In this article, we’ll walk through the steps required to connect a Spark Structured Streaming application to Kafka in CDP Data Engineering Experience (DEX). This article extends the official CDP documentation: Connecting Kafka clients to Data Hub provisioned clusters, to include Spark applications run in Cloudera Data Experience.
Steps
keytool -import -keystore [CLIENT_TRUSTSTORE.JKS] -alias [ALIAS] -file [FREEIPA_CERT]

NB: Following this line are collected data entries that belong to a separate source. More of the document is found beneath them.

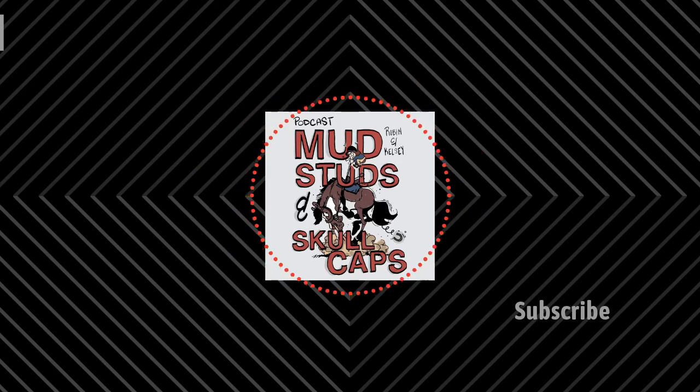Hey guys, welcome back to the Mud Studs and Skull Caps podcast. I'm Robin and I'm Kelsey, and in today's episode we are going to be looking at some of the tack and equipment trends of the last decade. We are going to share why people love some of these trends and why they hate others.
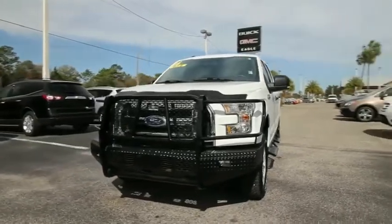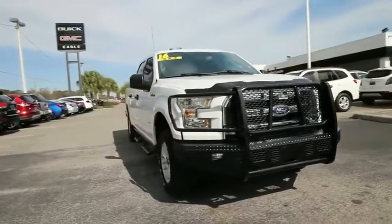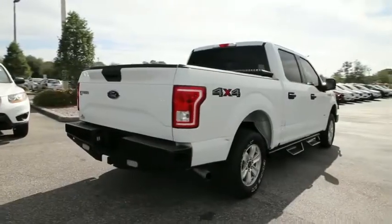You are going to love the 2016 Ford F-150. A Ford F-150 knows how to handle any situation. It's built to follow orders. No whining.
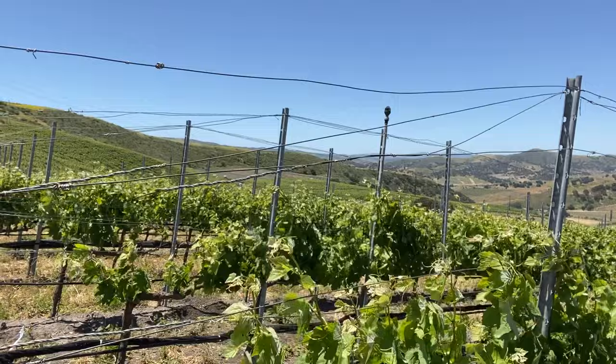Because it's so windy — take a look at these vines right now, just whipping around in the wind. The Syrah can typically take a beating because it's a little bit hardier.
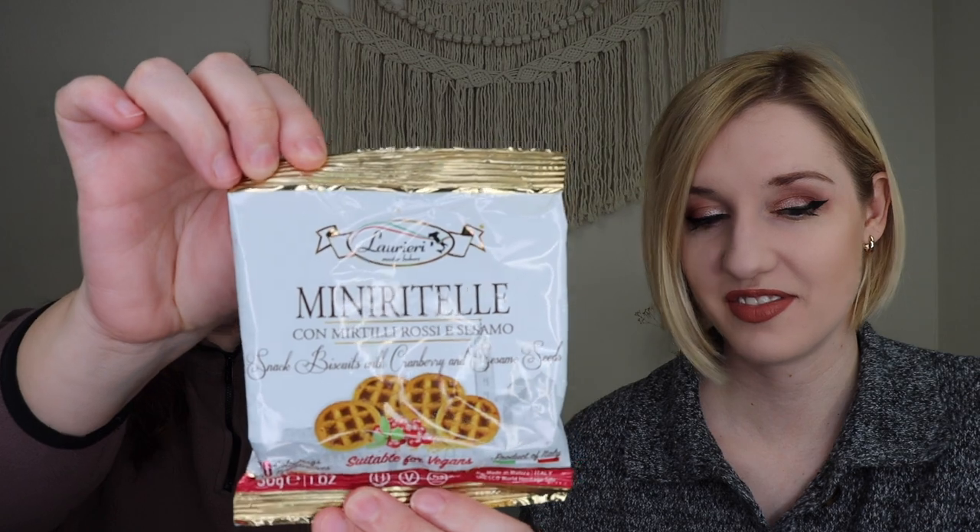Next up we're trying the cranberry and sesame seed biscuits that apparently taste like fall. They give mini Velveeta cracker vibes. They smell good — I can smell the cranberry. I really like the flavor; they do give Velveeta vibes, so if you don't like Velveeta you probably won't like these. The weird thing is as you chew them, it makes your mouth warm — not spicy, but there's a heat. I don't know if it's the sesame, but it was warming my mouth up both times. The cranberry flavor and sesame seed flavor are both there, and it kind of tastes like it has oats in it — really good overall.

from pyspark.sql import SparkSession
from pyspark.sql.types import Row, StructField, StructType, StringType, IntegerType
spark = SparkSession\
.builder\
.appName("PythonSQL")\
.getOrCreate()
df = spark \
.readStream \
.format("kafka") \
.option("kafka.bootstrap.servers", "kafka_broker_hostname:9093") \
.option("subscribe", "yourtopic") \
.option("kafka.security.protocol", "SASL_SSL") \
.option("kafka.sasl.mechanism", "PLAIN") \
.option("kafka.ssl.truststore.location", "/app/mount/keystore.jks") \
.option("kafka.ssl.truststore.password", "mypassword") \
.option("kafka.sasl.jaas.config", 'org.apache.kafka.common.security.plain.PlainLoginModule required username="yourusername" password="mypassword";') \
.load()
df.selectExpr("CAST(key AS STRING)", "CAST(value AS STRING)")
query = df.writeStream \
.outputMode("append") \
.format("console") \
.start() \
query.awaitTermination()
Note: In the above code, we have specified that our keystore location as /app/mount/keystore.jks, in our option (kafka.ssl.truststore.location). This is because when we upload our keystore.jks file to Cloudera data experience later, it will be uploaded to the /app/mount directory.